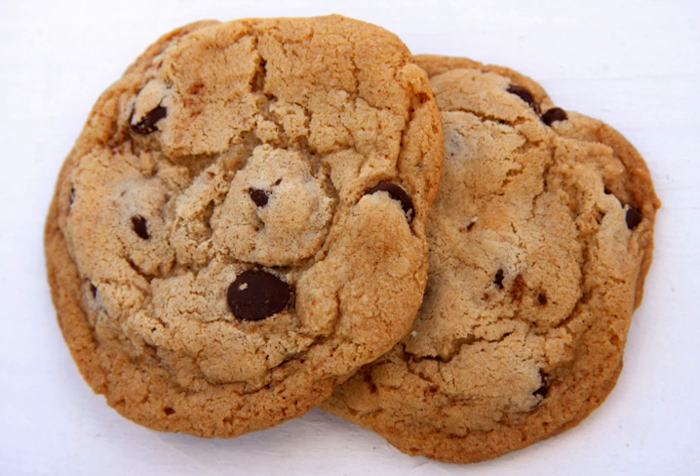The texture of a chocolate chip cookie is largely dependent on its fat composition and the type of fat used. A study done by Kansas State University showed that carbohydrate-based fat replacers were more likely to bind more water, leaving less water available to aid in the spread of the cookie while baking. This resulted in softer, more cake-like cookies with less spread.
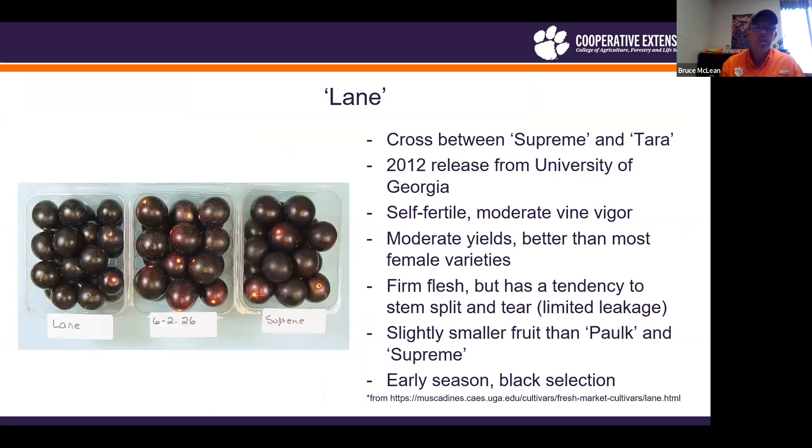Let's talk about Lane first. Lane is a 2012 release from the University of Georgia. It is a cross between Supreme and Terra. It is self-fertile with moderate vine vigor and moderate yields — better than most of the female varieties. It has firm flesh, but does have a tendency to split and tear right at the stem scar.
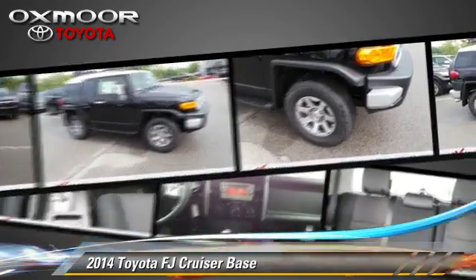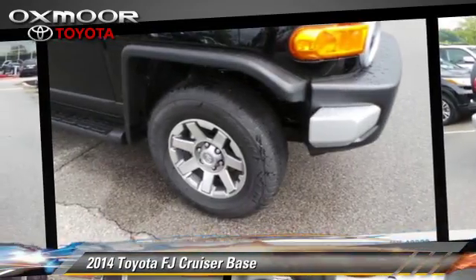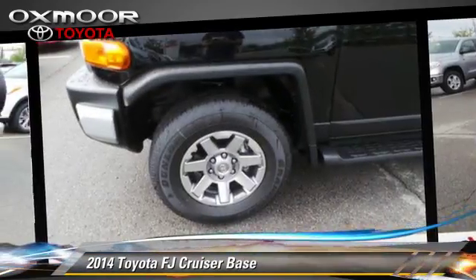Comfort and convenience features include a multi-disc CD player, Bluetooth wireless, and backup camera. Give us a call to schedule your test drive today.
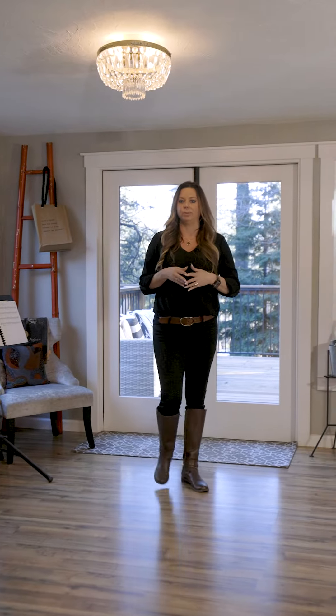This bright and airy room can actually close off to allow for a third bedroom, office, or workout room. Some of the wonderful features of this home include all-new doors, windows, fixtures, flooring, and paint.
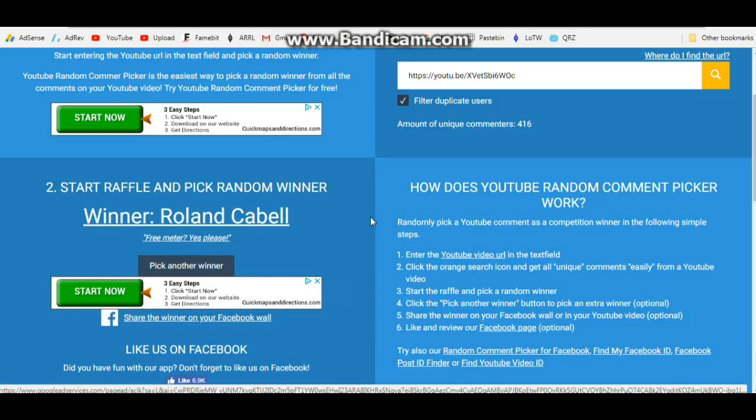Roland Cabell — Roland Cabell, you're the winner of the AN8008 multimeter giveaway sponsored by Banggood.com! Roland, I need you to email me at arduino0169@gmail.com with your address and complete shipping information so that I can forward that to our friends at Banggood, and they will in turn send you your AN8008 multimeter. Congratulations, Roland Cabell!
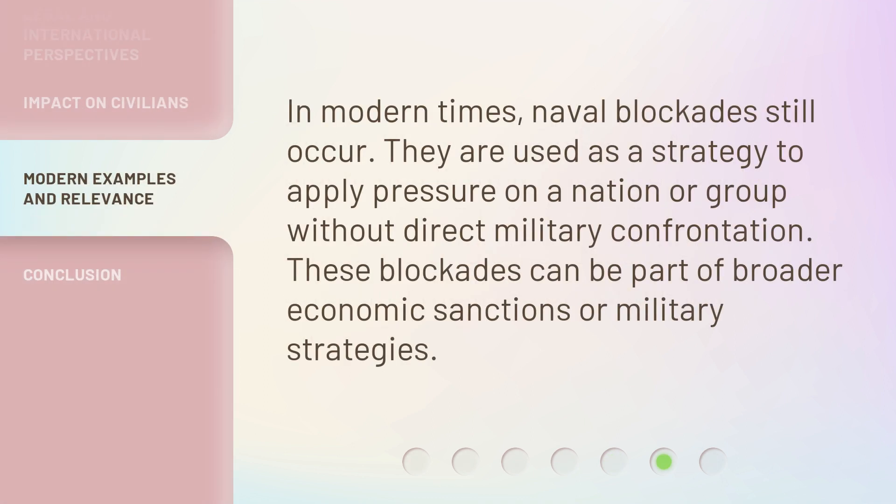In modern times, naval blockades still occur. They are used as a strategy to apply pressure on a nation or group without direct military confrontation. These blockades can be part of broader economic sanctions or military strategies.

****************

PROBLEM STATEMENT: Without any pictures, restate word for word only the lines from the one with "Let's talk about" through the end of the listing.

SOLUTION FOR THIS EXERCISE:
Let's talk about Lane first. Lane is a 2012 release from the University of Georgia. It is a cross between Supreme and Terra. It is self-fertile with moderate vine vigor and moderate yields — better than most of the female varieties. It has firm flesh, but does have a tendency to split and tear right at the stem scar.
Comfort and convenience features include a multi-disc CD player, Bluetooth wireless, and backup camera. Give us a call to schedule your test drive today.
This bright and airy room can actually close off to allow for a third bedroom, office, or workout room. Some of the wonderful features of this home include all-new doors, windows, fixtures, flooring, and paint.
Roland Cabell — Roland Cabell, you're the winner of the AN8008 multimeter giveaway sponsored by Banggood.com! Roland, I need you to email me at arduino0169@gmail.com with your address and complete shipping information so that I can forward that to our friends at Banggood, and they will in turn send you your AN8008 multimeter. Congratulations, Roland Cabell!
In modern times, naval blockades still occur. They are used as a strategy to apply pressure on a nation or group without direct military confrontation. These blockades can be part of broader economic sanctions or military strategies.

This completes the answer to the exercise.